GREEN BAY – Charles Woodson has gone from a favorite teammate to a physical marvel among those in the Packers locker room who know him.
As the Packers are watching film of Oakland's defense in advance of Sunday's game, Woodson – now in his 18th NFL season and playing safety for the Raiders – no doubt stands out.
"It's hard not to watch Charles Woodson," quarterback Aaron Rodgers said of his film study this week. Woodson played seven seasons for the Packers (2006-12), winning NFL Defensive Player of the Year in 2009 and then a Super Bowl in 2010.
"He was a great leader for us at a time where we needed that type of leadership, and he took us to a special place and had a lot of memories together.
"He's playing great football. It's impressive to see. Obviously I'm a little biased, but I think any fair opinion out there would say he's playing the position at the top of his game right now."

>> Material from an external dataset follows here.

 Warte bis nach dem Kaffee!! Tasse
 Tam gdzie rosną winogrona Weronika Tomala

Rodgers' current teammates certainly agree. Woodson has five interceptions this season, his most since 2011 with the Packers.
"He looks like a young man," said receiver James Jones, who played with Woodson as recently as last season in Oakland. "He's picking stuff off, he's causing fumbles, he's around the ball. Everywhere the ball is, you see '24' in there.
"He can play until he's probably 50 because he understands the game so well."
That might be a stretch, but it is remarkable to think that when Woodson won the Heisman Trophy at Michigan in 1997, current Packers safety Ha Ha Clinton-Dix – who now wears the No. 21 Woodson wore here – was in pre-kindergarten.
"To know I'm in my eighth year and he's still playing in the NFL just blows my mind," said guard Josh Sitton, who was drafted in 2008, two years after Woodson arrived in Green Bay as a free agent. "It's pretty cool. It's very impressive."
Rodgers ranked Woodson in the "top two or three" of his all-time favorite teammates and confessed it was difficult to see such a great friend and leader released after the 2012 season.
He still appreciates what Charles did for him as a quarterback, especially early in his career, learning his trade in training camp as Brett Favre's backup.
"He made me a lot better player," Rodgers said. "I got to work on my look-offs and my no-look passes against Charles, because if you weren't aware of where he was at on every single rep, he would make you look bad.
"The last thing you want to see is Charles holding that ball up after an interception and tossing it back to you. He made everybody better when he was here and still doing it."
Another player making opposing offenses look bad is Oakland outside linebacker Khalil Mack, who now leads the league with 14 sacks after a dominant five-sack performance last Sunday in Denver.
Incredibly, all five of Mack's sacks came in the second half, and four of them came against Denver's right tackle, which puts a big spotlight on Green Bay's Bryan Bulaga this week.
"I think he has everything, to be honest with you," Bulaga said. "He's a strong guy. If you watch how he got most of his sacks against Denver, he's a strong dude. You have to be ready for everything, because he's got good speed as well."
Mack never quits on a snap, and the Packers have to be prepared for that as much as anything.
"A lot of extra-effort plays," Rodgers said of Mack's five sacks last week. "He just keeps coming."
Much like Woodson just keeps playing.